### EXERCISE
The answer should be the exact lines from the line containing "Miami skyline with iconic towers at sunset." through the last line of the material below, with no pictures.

### RECORDS PROVIDED
____________

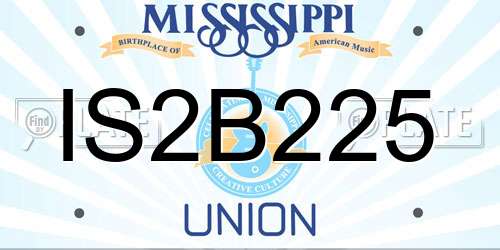 IS2B225 Mississippi License Plate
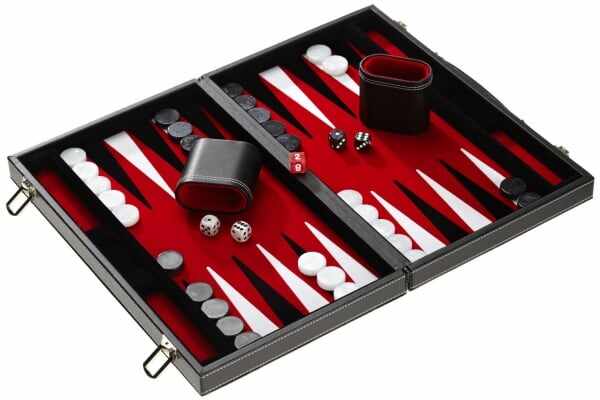Set joc table Backgammon in stil Casino - Compact- 38x47 cm - Rosu - Desigilat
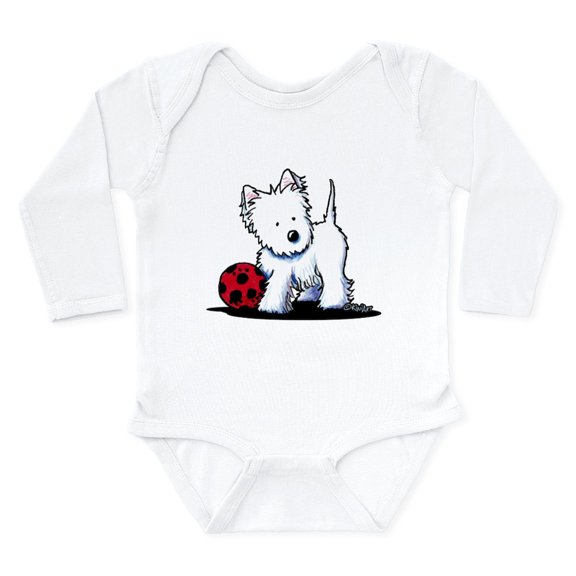 CafePress - Westie & Ball Long Sleeve Infant Bodysuit - Long Sleeve Cotton Baby Bodysuit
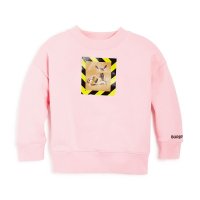 버버리 키즈 소매 로고 사슴 프린트 캔디 핑크 맨투맨 티셔츠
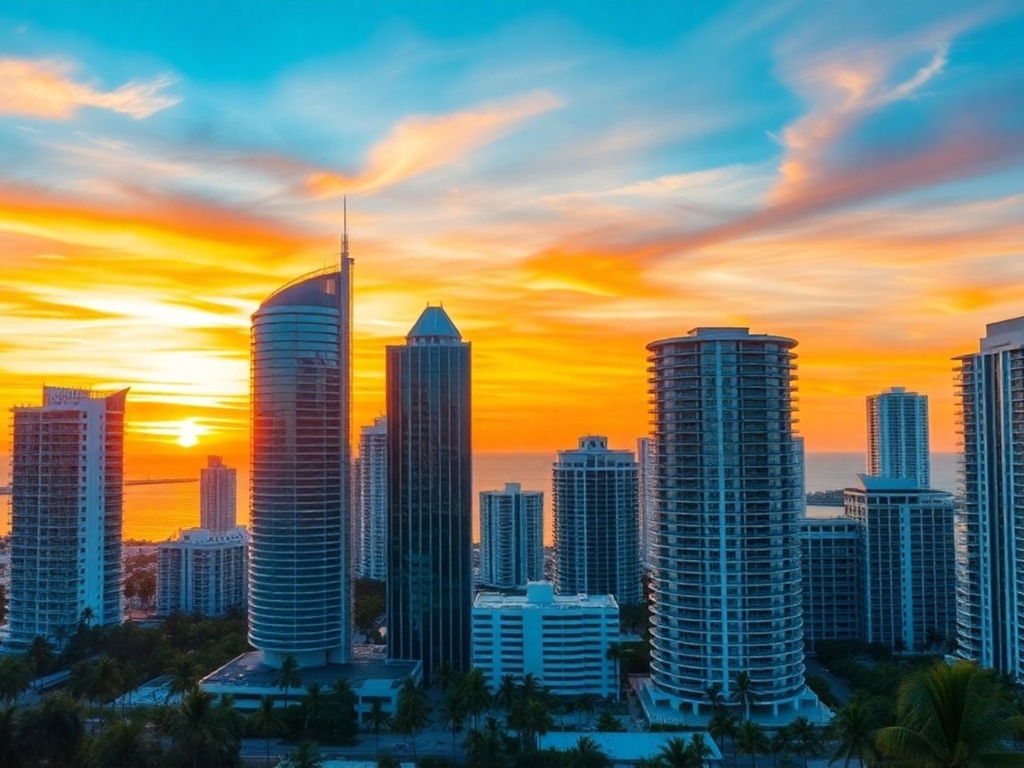 Miami skyline with iconic towers at sunset.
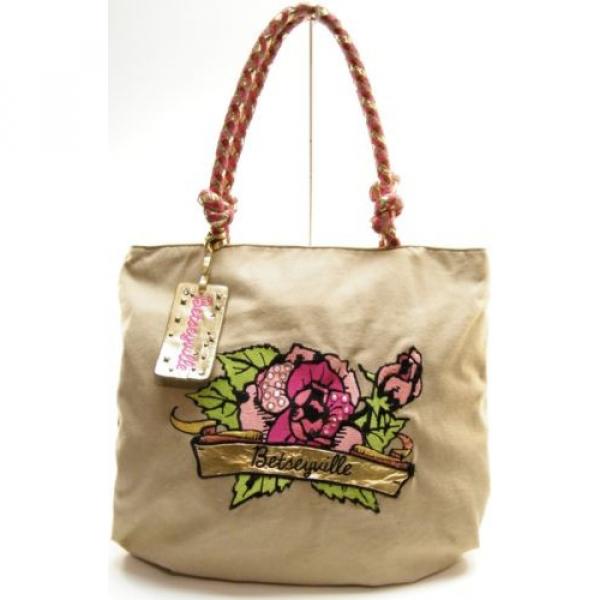 BETSEYVILLE BETSEY JOHNSON TAN ROSE FLORAL BEACH TOTE SHOPPER PURSE BAG HANDBAG #1 image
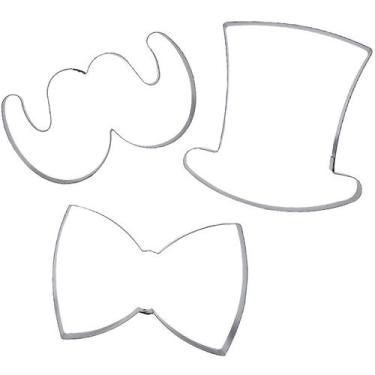 Imagem de Kit Cortador Pai 2P Bigode/Gravata/Cartóla- Ref. 415 RR Cortadores Riz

____________

### ANSWER SECTION
 Miami skyline with iconic towers at sunset.
 BETSEYVILLE BETSEY JOHNSON TAN ROSE FLORAL BEACH TOTE SHOPPER PURSE BAG HANDBAG #1 image
 Imagem de Kit Cortador Pai 2P Bigode/Gravata/Cartóla- Ref. 415 RR Cortadores Riz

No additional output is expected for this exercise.